*** Opening Provided information ***

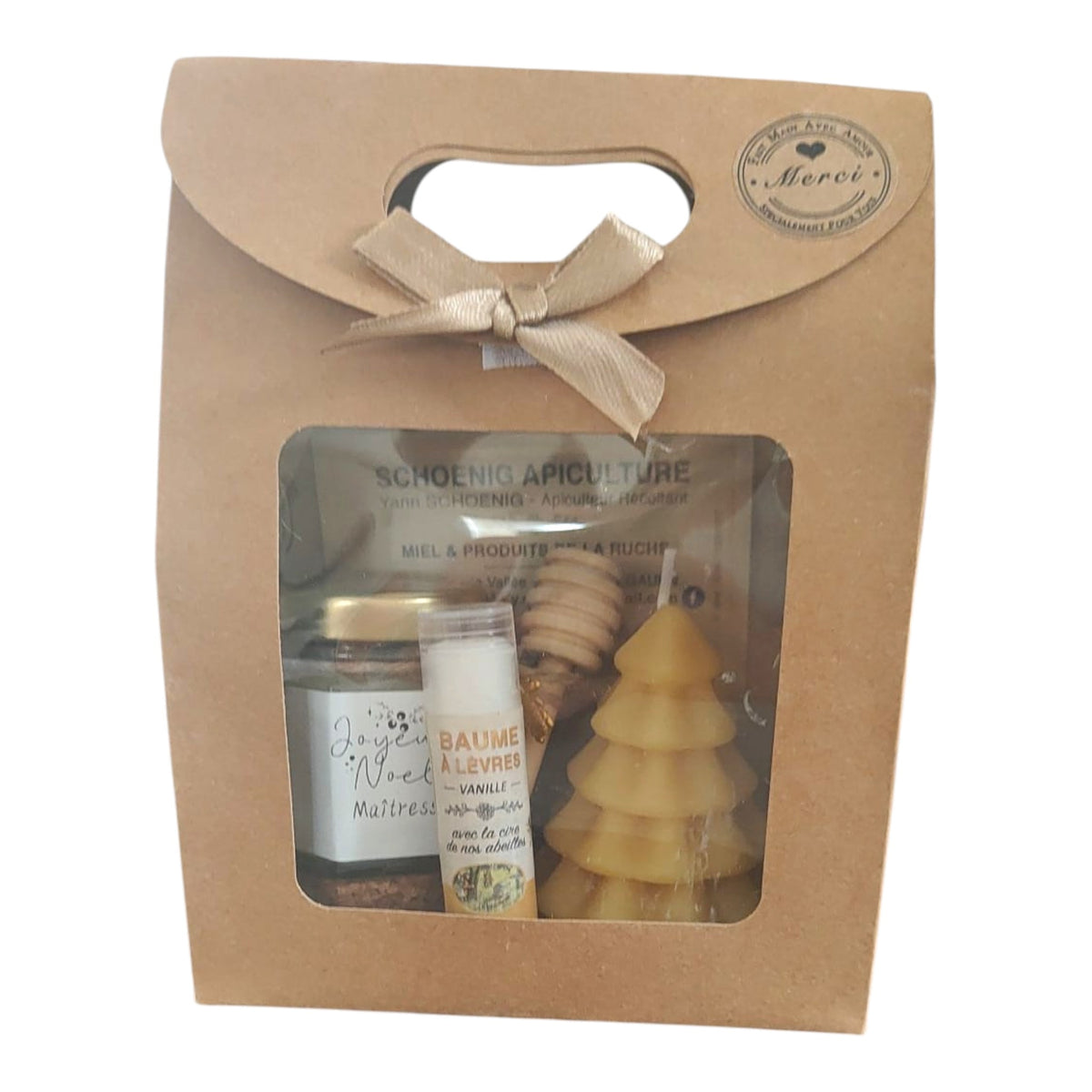 Coffret cadeau Noël maîtresse avec miel, baume framboise, bougie sapin et étiquette Joyeux Noël Maîtresse.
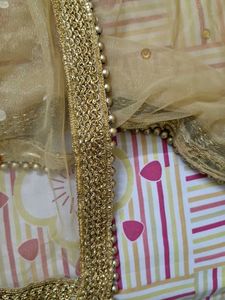 Gold Embellished Skirt With Dupatta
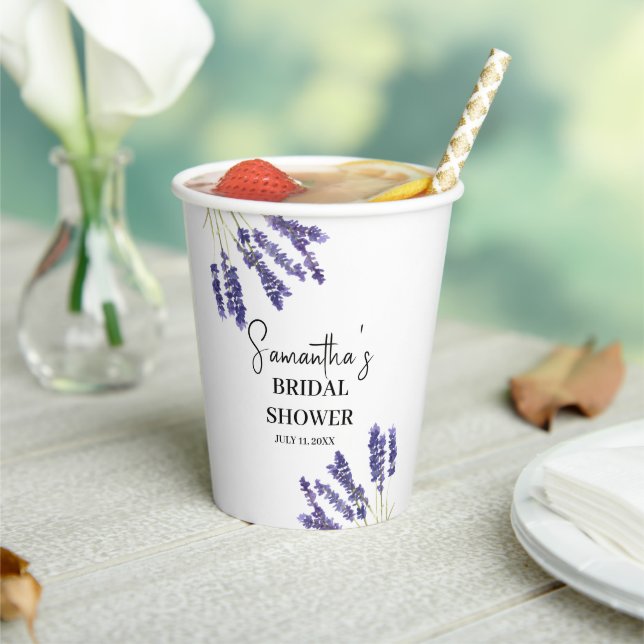 Lavender flowers Purple Watercolor Bridal Shower Paper Cups (Insitu)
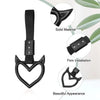 Black heart-shaped car handle decor featuring a solid material and firm installation for a beautiful appearance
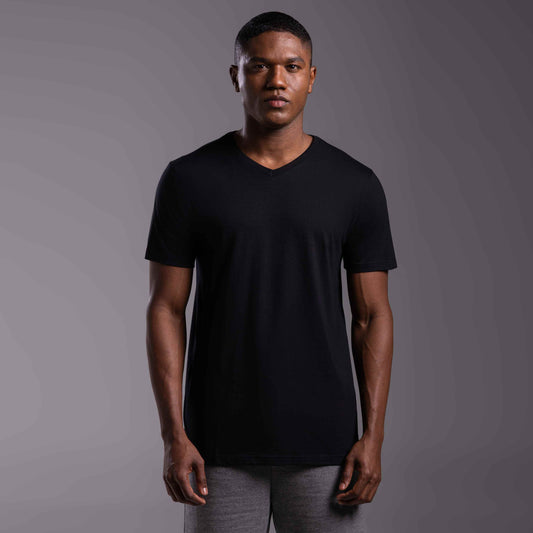 Tech T-Shirt Impermeável Gola V Masculina - Preto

*** Closing Provided information ***

* Aim of the exercise
The records must come back exactly, with their pictures removed.

* Exercise response
 Coffret cadeau Noël maîtresse avec miel, baume framboise, bougie sapin et étiquette Joyeux Noël Maîtresse.
 Gold Embellished Skirt With Dupatta
 Lavender flowers Purple Watercolor Bridal Shower Paper Cups (Insitu)
 Black heart-shaped car handle decor featuring a solid material and firm installation for a beautiful appearance
 Tech T-Shirt Impermeável Gola V Masculina - Preto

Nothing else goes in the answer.